━━━ MATERIAL PROVIDED ━━━

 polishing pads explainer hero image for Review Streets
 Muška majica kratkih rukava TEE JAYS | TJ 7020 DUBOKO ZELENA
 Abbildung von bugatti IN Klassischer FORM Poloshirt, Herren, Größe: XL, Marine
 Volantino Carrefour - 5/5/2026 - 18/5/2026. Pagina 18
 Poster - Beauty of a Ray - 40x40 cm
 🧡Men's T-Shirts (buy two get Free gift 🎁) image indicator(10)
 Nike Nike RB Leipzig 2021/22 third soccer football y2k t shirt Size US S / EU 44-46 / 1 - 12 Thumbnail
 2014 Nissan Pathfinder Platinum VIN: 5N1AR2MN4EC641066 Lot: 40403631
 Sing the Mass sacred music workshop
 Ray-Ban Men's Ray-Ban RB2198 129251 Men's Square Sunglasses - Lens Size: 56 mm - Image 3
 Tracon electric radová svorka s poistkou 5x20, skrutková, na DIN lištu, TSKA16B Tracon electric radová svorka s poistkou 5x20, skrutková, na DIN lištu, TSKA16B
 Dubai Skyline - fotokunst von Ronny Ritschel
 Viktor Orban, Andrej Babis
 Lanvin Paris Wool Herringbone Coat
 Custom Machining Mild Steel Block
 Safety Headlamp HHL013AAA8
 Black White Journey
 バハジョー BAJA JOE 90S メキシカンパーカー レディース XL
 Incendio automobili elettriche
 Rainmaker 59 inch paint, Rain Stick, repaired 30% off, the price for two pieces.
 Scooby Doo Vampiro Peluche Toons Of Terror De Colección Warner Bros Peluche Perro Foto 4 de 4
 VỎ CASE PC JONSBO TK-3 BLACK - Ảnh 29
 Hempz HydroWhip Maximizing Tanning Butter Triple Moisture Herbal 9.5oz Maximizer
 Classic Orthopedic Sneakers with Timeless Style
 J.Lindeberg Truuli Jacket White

━━━

▶ EXERCISE AIM: The records above are to be restated word for word.

▶ TASK OUTPUT:
 polishing pads explainer hero image for Review Streets
 Muška majica kratkih rukava TEE JAYS | TJ 7020 DUBOKO ZELENA
 Abbildung von bugatti IN Klassischer FORM Poloshirt, Herren, Größe: XL, Marine
 Volantino Carrefour - 5/5/2026 - 18/5/2026. Pagina 18
 Poster - Beauty of a Ray - 40x40 cm
 🧡Men's T-Shirts (buy two get Free gift 🎁) image indicator(10)
 Nike Nike RB Leipzig 2021/22 third soccer football y2k t shirt Size US S / EU 44-46 / 1 - 12 Thumbnail
 2014 Nissan Pathfinder Platinum VIN: 5N1AR2MN4EC641066 Lot: 40403631
 Sing the Mass sacred music workshop
 Ray-Ban Men's Ray-Ban RB2198 129251 Men's Square Sunglasses - Lens Size: 56 mm - Image 3
 Tracon electric radová svorka s poistkou 5x20, skrutková, na DIN lištu, TSKA16B Tracon electric radová svorka s poistkou 5x20, skrutková, na DIN lištu, TSKA16B
 Dubai Skyline - fotokunst von Ronny Ritschel
 Viktor Orban, Andrej Babis
 Lanvin Paris Wool Herringbone Coat
 Custom Machining Mild Steel Block
 Safety Headlamp HHL013AAA8
 Black White Journey
 バハジョー BAJA JOE 90S メキシカンパーカー レディース XL
 Incendio automobili elettriche
 Rainmaker 59 inch paint, Rain Stick, repaired 30% off, the price for two pieces.
 Scooby Doo Vampiro Peluche Toons Of Terror De Colección Warner Bros Peluche Perro Foto 4 de 4
 VỎ CASE PC JONSBO TK-3 BLACK - Ảnh 29
 Hempz HydroWhip Maximizing Tanning Butter Triple Moisture Herbal 9.5oz Maximizer
 Classic Orthopedic Sneakers with Timeless Style
 J.Lindeberg Truuli Jacket White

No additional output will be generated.